From Desmond McDowell, Ontario, Canada
I have been researching the Barnett Family.  They lived in a house, Northleigh, Somerton Road. In 1902 the house was (owned?) by Robert and Martha Barnett.  Robert was a Grain and Produce Merchant. It is interesting that Somerton Road does not show up in the Belfast Street Directory.  In the Fortwilliam Area, there is a House called Northleigh.

In 1901 there is no Somerton Road.
In 1907 Northleigh, Somerton Road the Occupier was  Mackenzie, Lieut-Colonel G. M., commanding 1st Battalion Royal Inniskilling Fusiliers
From 1908 – 1912 Northleigh, Somerton Road was occupied by HG Pring, director Grattan & Co. Ltd.
In 1918 Northleigh was occupied by Robert Barnett, a grain merchant.
In 1924 Northleigh was occupied by Wm Barnett, grain merchant.
In 1932 the name does not show up in the street directory, only listed as 49 Somerton Road and residents are the Barnett Family.
In 1943 it is listed as 47–49 Somerton Road and occupied by H.M. Govt. I am not sure what this means or what type or residence it was. Maybe villas/flats/war offices.
In 1951 it is 49 Somerton Road and the Occupier is the Belfast Hebrew Congregation.
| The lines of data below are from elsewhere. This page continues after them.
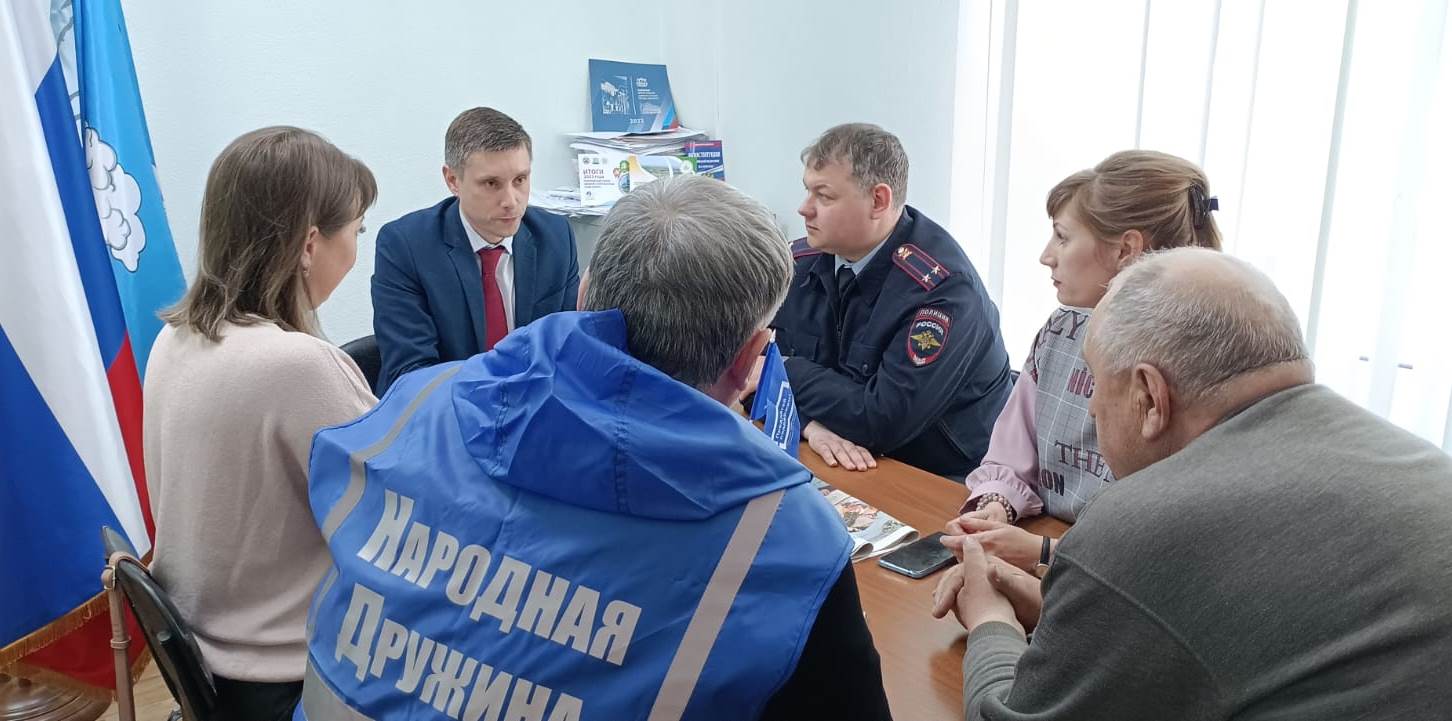 В Ленинском районе обсудили вопросы сотрудничества по охране общественного порядка на пригородной территории 
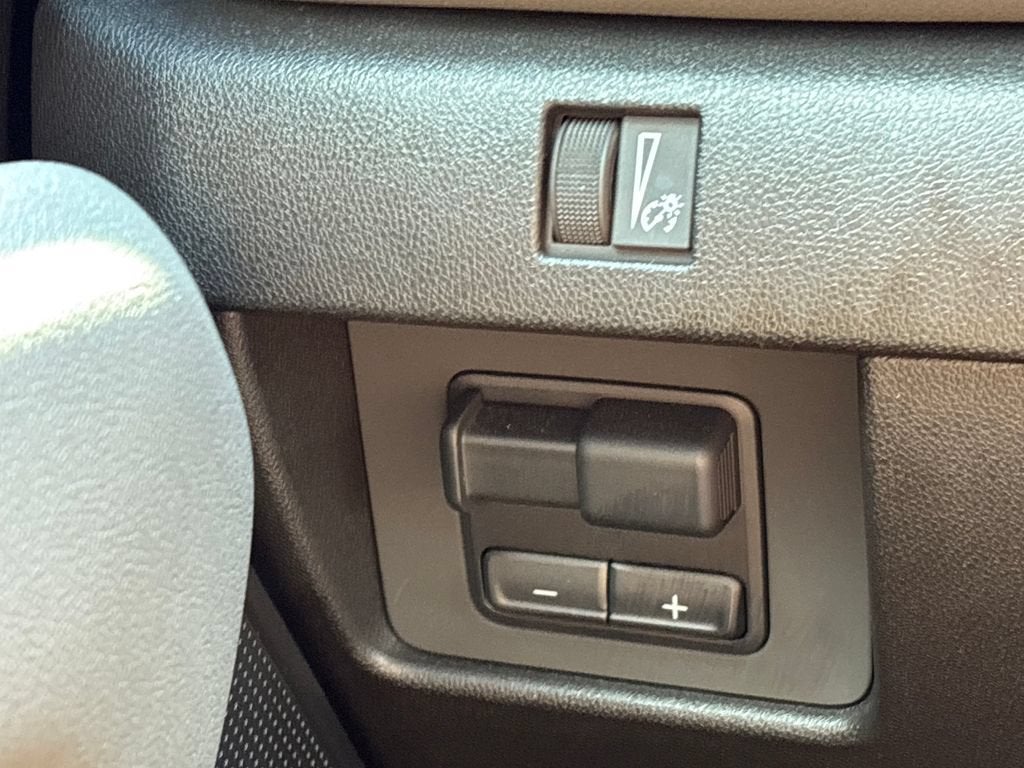 2025 Chevrolet Colorado Base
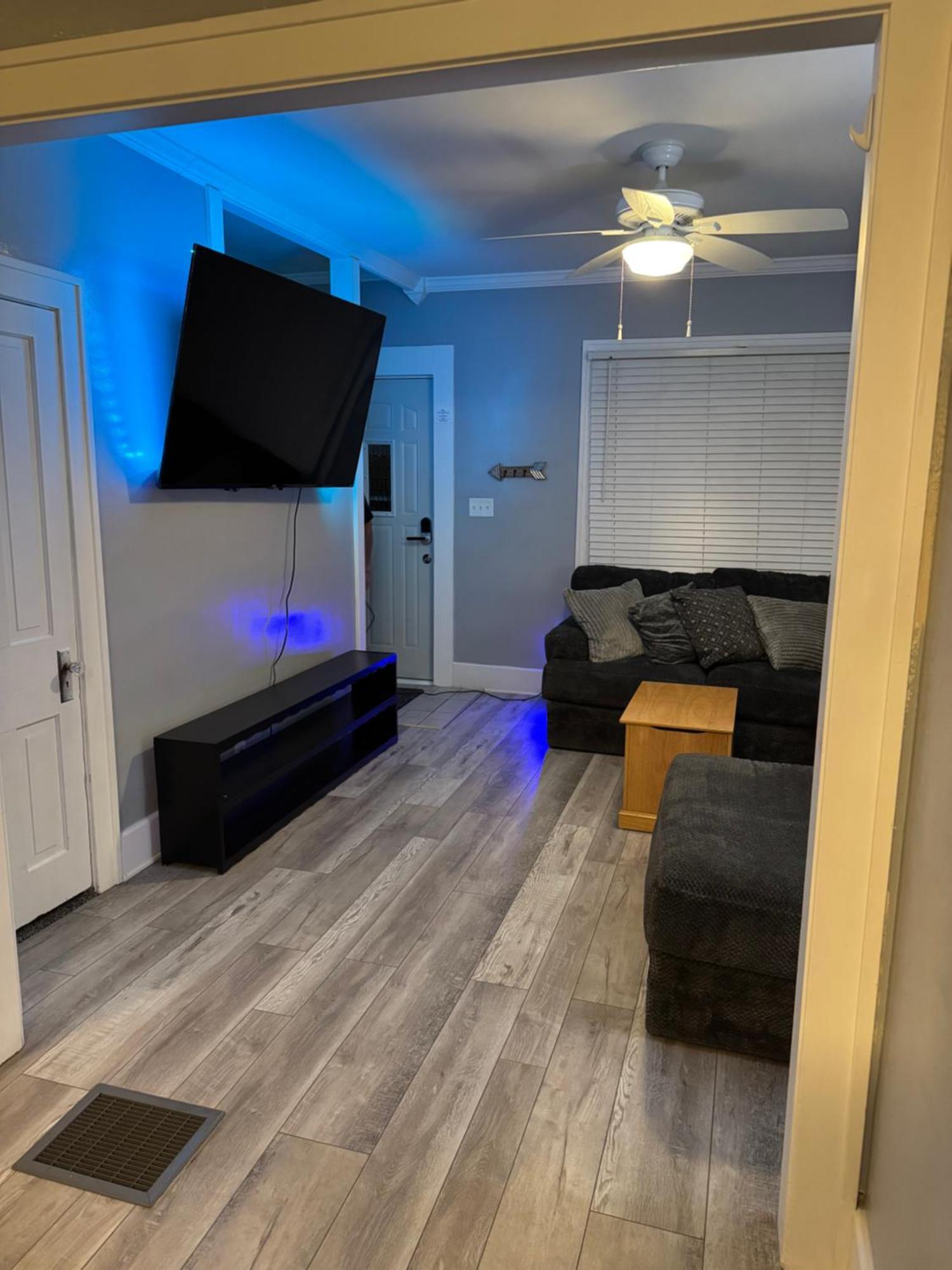 Charming 3-bedroom House Next To Hollywood Casino! 1 Minute From Interstate 75 Toledo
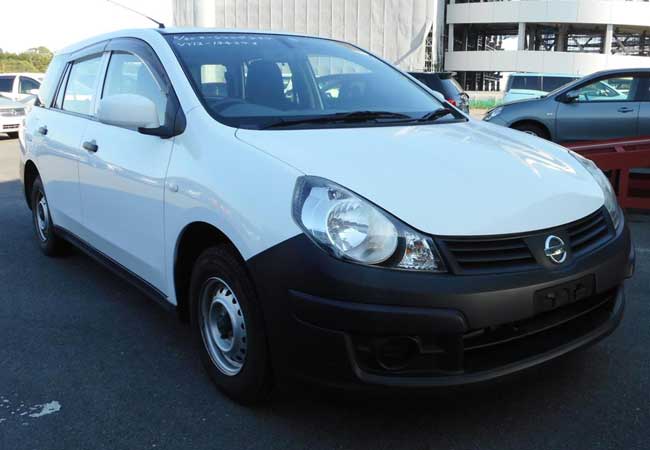 Nissan AD Van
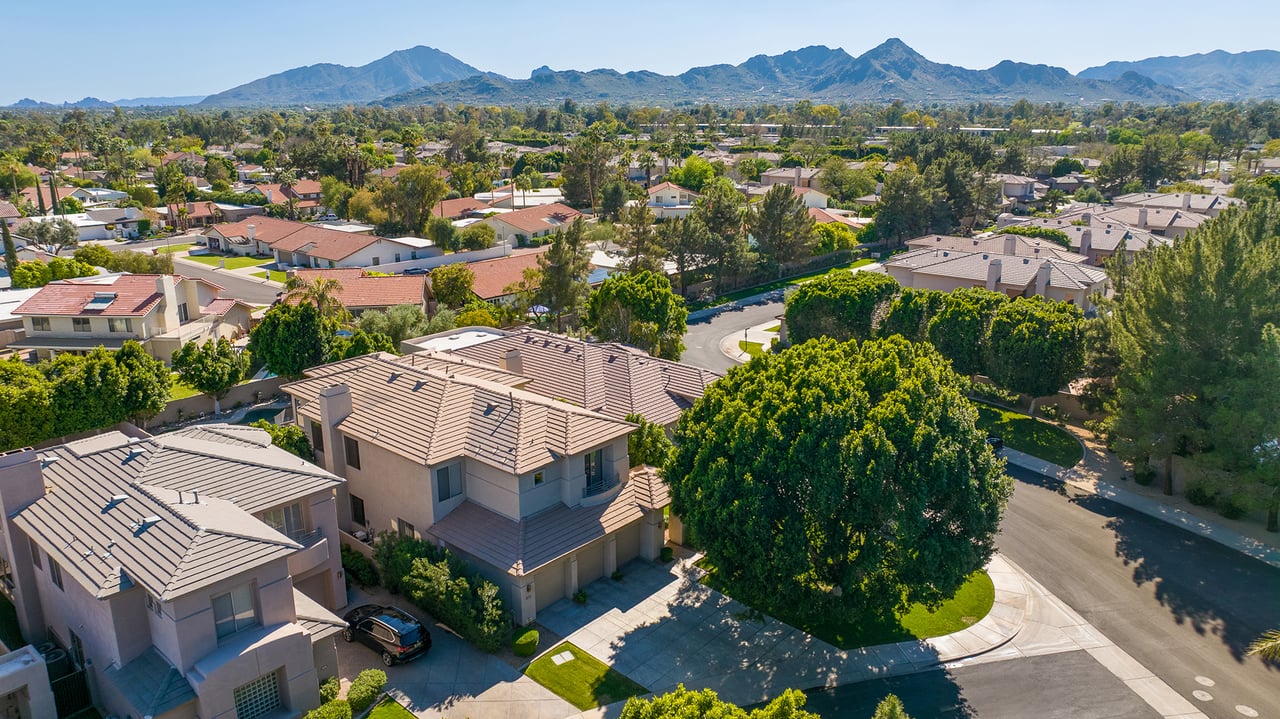 7471 E SUNNYVALE Drive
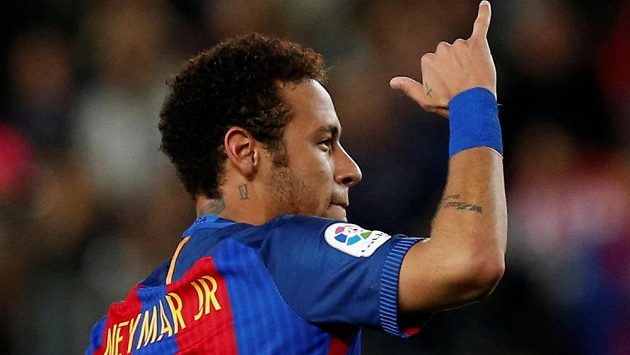 Při utkání ještě barcelonská hvězda Neymar hodinky nenosí. Jinak má ale hodně velkou sbírku. Při utkání ještě barcelonská hvězda Neymar hodinky nenosí. Jinak má ale hodně velkou sbírku.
Well Michael, you now have the history of the address from 1907 to 1951.  Looks like at least 5 different people have resided in this property. From your Cup name Northleigh, I would guess it was supplied by (best guess) MacKenzie, Pring, or Barnett.  Lots of money with the Barnett’s, Pring maybe and the colonel. All these people would have played Bridge. Back then it was the upper class game.

Desmond McDowell
Ontario, Canada

The Union is used to finding that its various trophies sometimes seem to disappear but here is one that turned up at an auction in Leicestershire recently. The inscription reads as follows:

Northleigh Challenge Cup


Our thanks to Gerry Henry of Kelvin Malone Club for shedding some light on the likely provenance of the Northleigh Trophy. Research has shown that there was a house in Somerton Road, Belfast called ‘Northleigh’ in the 1950s. The ‘Belfast Jewish Record’ archives suggest the house was used as a meeting place for the Jewish community – perhaps including bridge play before moving to the Jewish Institute?